# Records
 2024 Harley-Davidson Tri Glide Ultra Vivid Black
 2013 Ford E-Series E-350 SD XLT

---

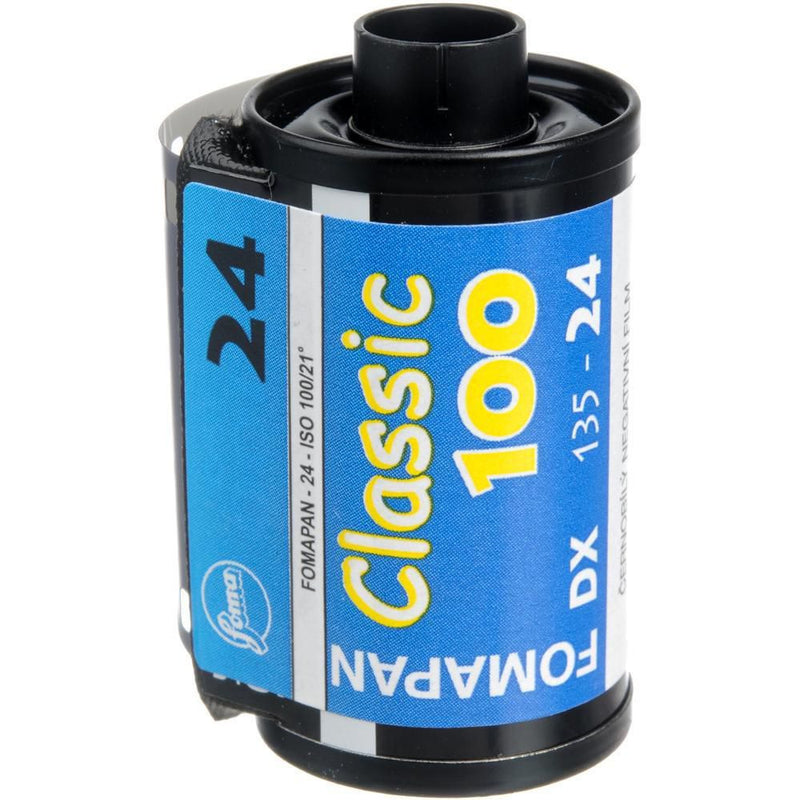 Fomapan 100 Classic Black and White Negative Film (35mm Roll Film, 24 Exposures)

# What to do
All that belongs in your answer is the stretch of entries above from the line with "2024 Harley-Davidson Tri" through the line with "2013 Ford E-Series E-350 SD XLT", printed exactly.

# Task solution
 2024 Harley-Davidson Tri Glide Ultra Vivid Black
 2013 Ford E-Series E-350 SD XLT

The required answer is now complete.